Closed nvrmnd-gh closed 1 year ago

nvrmnd-gh commented 2 years ago

Running the default inference parameters on the v1 branch appears to lead to a dimension error in the UnetUp class here: https://github.com/YuvalNirkin/fsgan/blob/v1/models/simple_unet.py#L135

python face_swap_video2video.py ../docs/examples/shinzo_abe.mp4 -t ../docs/examples/conan_obrien.mp4 -o output

results in: RuntimeError: Expected 2D (unbatched) or 3D (batched) input to conv1d, but got input of size: [1, 1024, 32, 32]

I had made some minor changes to use CPU only while getting this to work on my M1 before moving to a host w/ a Nvidia GPU, nothing that would change dimensions here. Still, since I don't see this issue posted already I assume it's something local to my machine/arguments, appreciate any pointers here.
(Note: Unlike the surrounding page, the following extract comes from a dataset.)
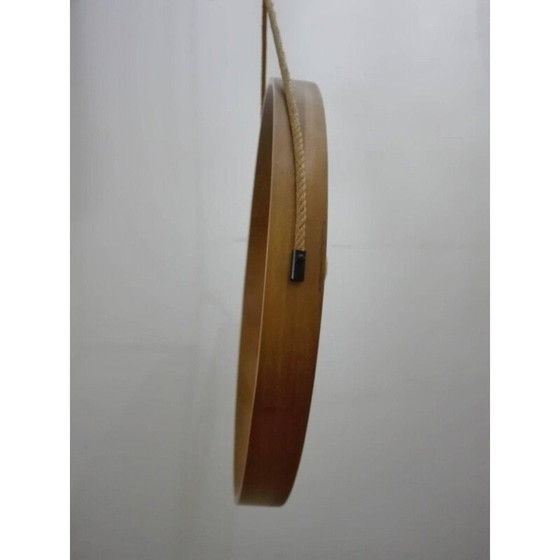 Image 1 of Miroir mural scandinave vintage en bois encadré de forme circulaire par Uno et Östen Kristiansson pour Luxus, 1960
prodigy-sub commented 2 years ago

same issue... don't know why...

YuvalNirkin commented 2 years ago

What is your PyTorch version?

prodigy-sub commented 2 years ago

What is your PyTorch version?

@YuvalNirkin my version is "1.11.0+cu113" I'm running the code in colab

prodigy-sub commented 2 years ago

with the sample source and target, I'm getting a error as following

/content/projects/fsgan/models/simple_unet_02.py in forward(self, inputs1, inputs2) 133 134 def forward(self, inputs1, inputs2): --> 135 outputs2 = self.up(inputs2) 136 outputs2 = self.conv1d(outputs2,) 137 offset = outputs2.size()[2] - inputs1.size()[2] ... RuntimeError: Expected 2D (unbatched) or 3D (batched) input to conv1d, but got input of size: [24, 1024, 32, 32]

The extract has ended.